Surveillance — not spying — is the idea behind this AI app that values privacy and encourages safe choices.
Artificial intelligence takes center stage to clock how safe or risky kids act when presented with lewd content. This Safety Indicator goes hand-in-hand with the app’s claim to fame: a real-time smart keyboard that gives children advice as they search for content online or message others. The software scans everything sent back and forth, dropping a warning if the AI detects bullying, grooming, or sexting. Breathing exercises are offered if a kid indicates that they’re feeling anxious.
Creators unveiled a beta anti-sexting feature right around the time that the company found that sexting among kids had risen 183% during lockdown. Like the smart keyboard does with words, SafeToNet scans for inappropriate imagery and immediately blurs it out. The software can also step in to block the camera if it senses racy or impulsive texts. The site asserting that no one sees what your kid is typing, sending, or receiving. It won’t even show parents a child’s content unless the child gives the go-ahead.
As for traditional settings, parents can customize app allowance for a certain period of time or permanently, lock devices during homework time or bedtime, and receive alerts if sudden changes in usage signal depression or aggression. SafeToNet keeps an eye on trends and lets parents know about new apps and memes that might be inappropriate.

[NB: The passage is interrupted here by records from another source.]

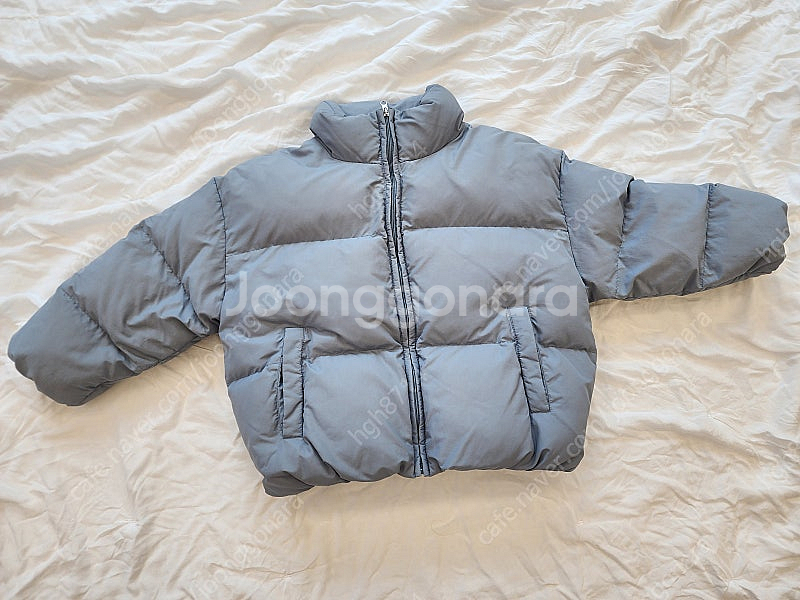 아베끄뚜아 키즈 겨울 패딩 L (110-120)--0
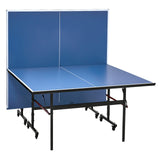 VEVOR Ping Pong Table Foldable Table Tennis Game Table Indoor with Clamp Net - Extra Image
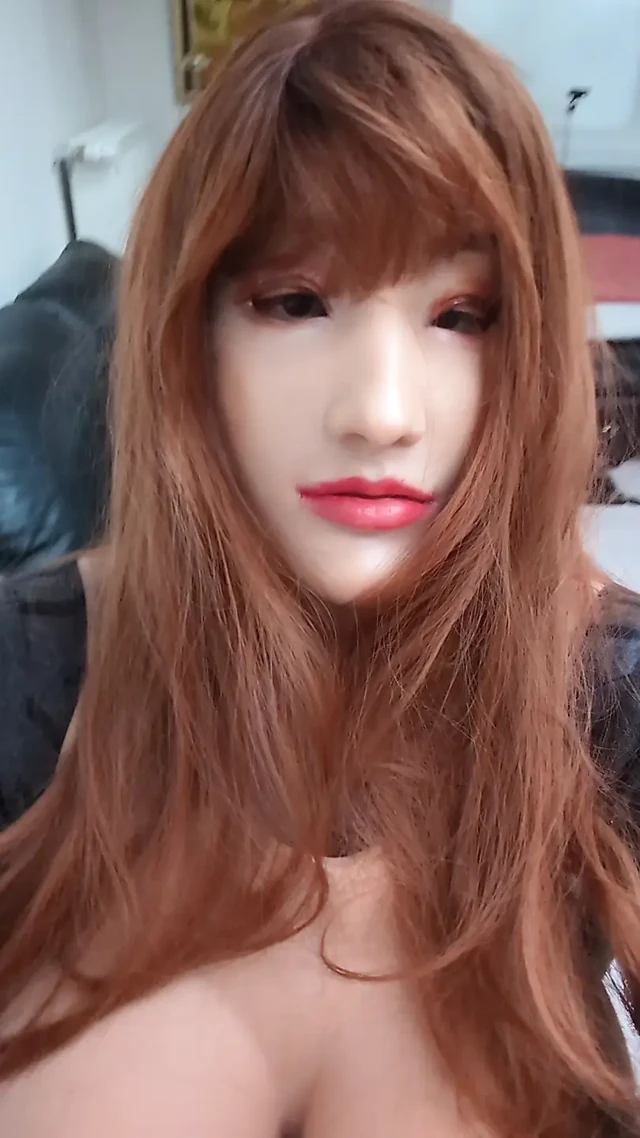 My new Hair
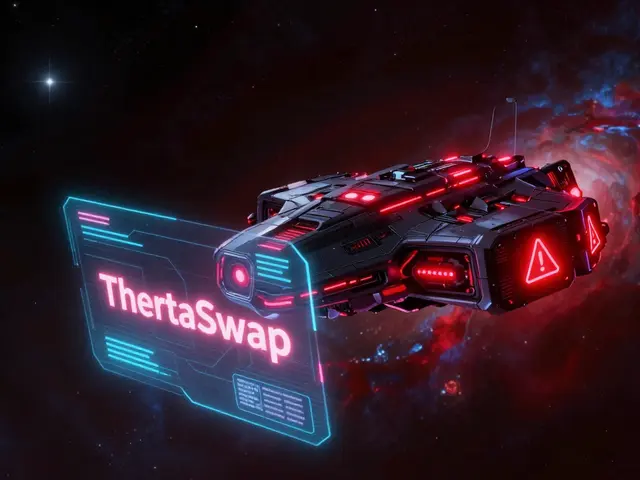 ThetaSwap Crypto Exchange Review: Why It Doesn't Exist (And What To Use Instead)
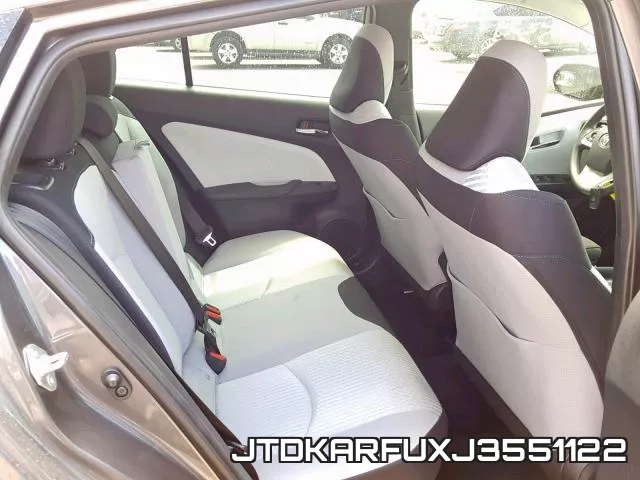 JTDKARFUXJ3551122 фото 7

App is color-coded, modern, and intuitive • Also works with gaming consoles and smart TVs • “Bedtime” turns off internet access at a certain time each night • Less-invasive option for older kids • Great for Chromebooks, too
Requires an extra device (Circle Plus router) • Lots of loopholes • Limited to one profile per device • Reports of slow internet connection after setup
Keep an eye on how kids use the internet at your house without prying into location services.
5. Circle Home Plus
Instead of downloading software, Circle is a WiFi-based monitoring solution with a clean, color-coded app.
Circle Home Plus (hardware device):
Limiting connectivity to WiFi only is a common way for parents to mitigate what a child (often younger ones) can and can’t get into on their phone or tablet. In this case, Circle Home Plus would be ace: It’s a filter for your home WiFi that monitors behavior, has control settings, and presents it in a clean dashboard that is super easy to navigate. The $9.99 monthly subscription works in tandem with Circle Home Plus (the hardware device that looks like a Bluetooth speaker). Setup on each device is time consuming but the overarching account can be synced to the Circle Home Plus with a QR code.
Each profile is color-coded based on age filters: kid, teen, adult, and none. The “kid” platform lists supported apps like Cartoon Network and TikTok, but you can toggle these on or off and add custom URLs. Turning on “Bedtime” turns internet access off at a certain time each night, but doesn’t affect any offline games or books. Once kids leave your home’s WiFi range, the limits that you’ve set are extended with a local VPN.
Actual activity and history reports are vague. Circle can report specific URLs that were accessed but can’t narrow down queries on Google or YouTube. Circle also stays out of all things call or text related.